§ DESCRIPTION OF THE TASK
Below are entries with pictures among them; reproduce exactly, and only, the lines from the one containing "City skyline at night reflected in water." down to the one containing "a blue diamond", without the pictures.

§ EXCERPTED RECORDS
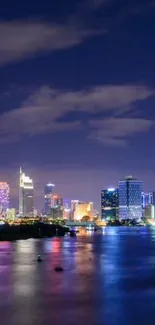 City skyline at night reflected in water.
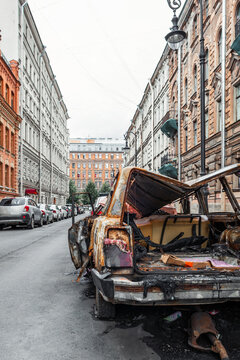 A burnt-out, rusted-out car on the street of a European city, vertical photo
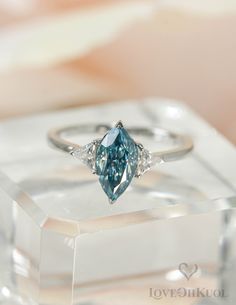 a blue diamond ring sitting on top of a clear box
* * *
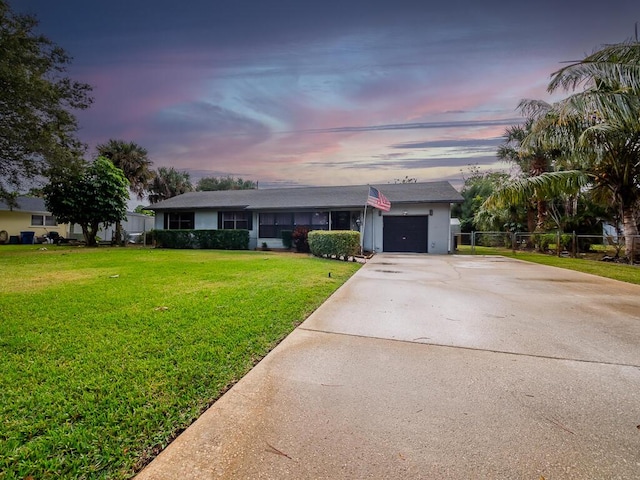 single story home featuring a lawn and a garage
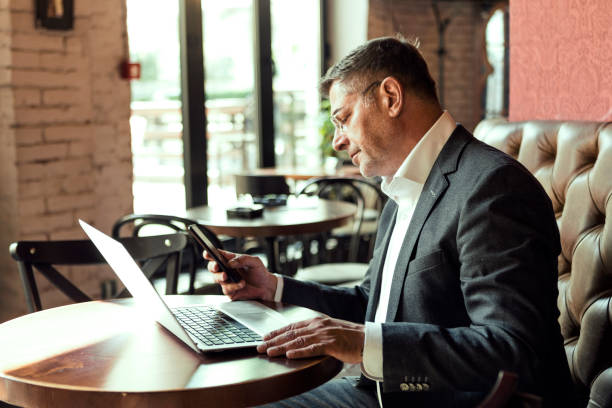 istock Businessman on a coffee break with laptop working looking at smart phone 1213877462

§ EXERCISE RESULT
 City skyline at night reflected in water.
 A burnt-out, rusted-out car on the street of a European city, vertical photo
 a blue diamond ring sitting on top of a clear box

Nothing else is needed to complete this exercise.